> **AIM OF THE TASK**
In the records below, begin at the line that has "Happy Spooktober Halloween" and stop after the line that has "1:12 Miniature Dog"; quote those lines verbatim and nothing more.

> **INPUT DATA**
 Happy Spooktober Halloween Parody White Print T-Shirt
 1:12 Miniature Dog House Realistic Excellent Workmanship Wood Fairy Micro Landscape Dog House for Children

==

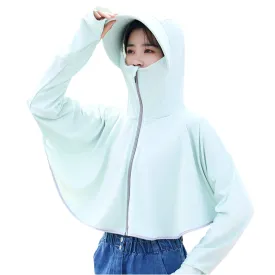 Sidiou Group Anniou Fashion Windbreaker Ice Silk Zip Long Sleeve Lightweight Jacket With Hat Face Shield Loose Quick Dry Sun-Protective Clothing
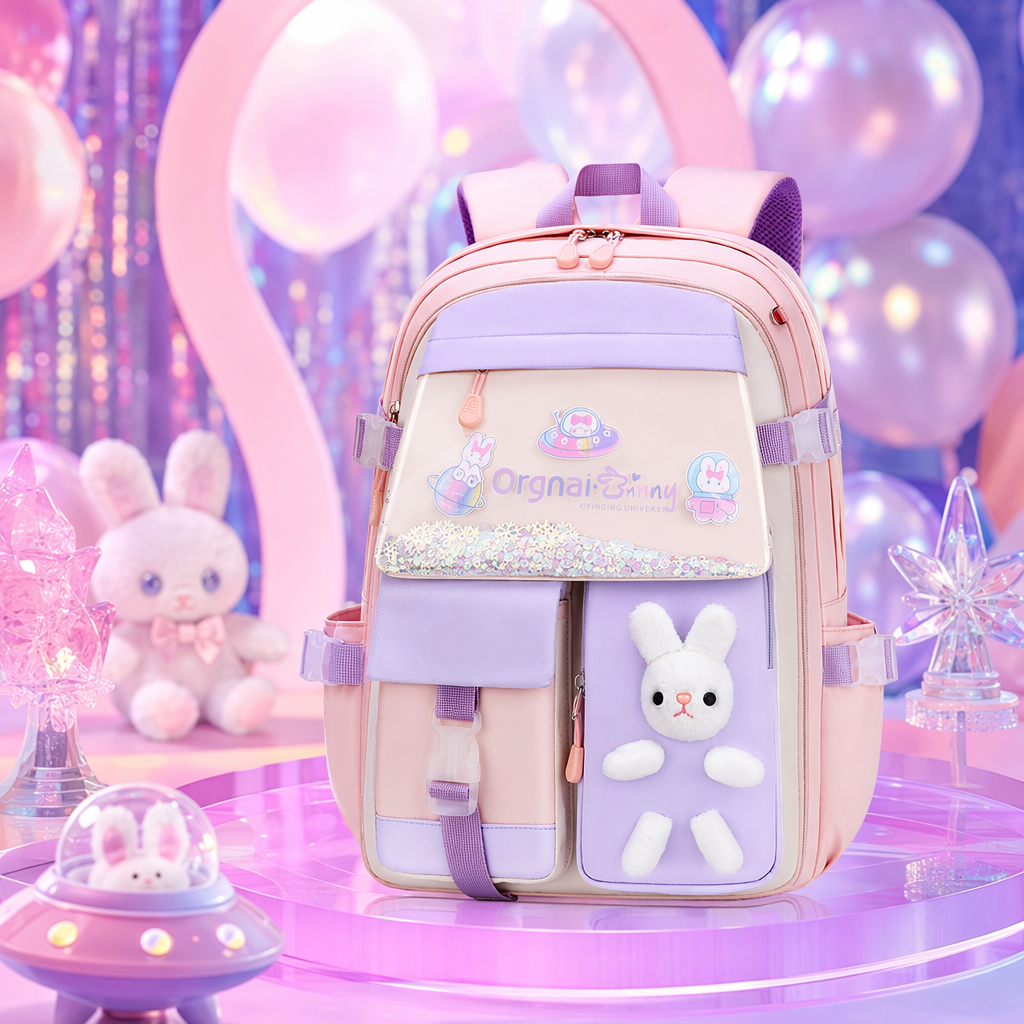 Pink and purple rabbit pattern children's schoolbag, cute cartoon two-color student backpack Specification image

> **ANSWER TO THIS TASK**
 Happy Spooktober Halloween Parody White Print T-Shirt
 1:12 Miniature Dog House Realistic Excellent Workmanship Wood Fairy Micro Landscape Dog House for Children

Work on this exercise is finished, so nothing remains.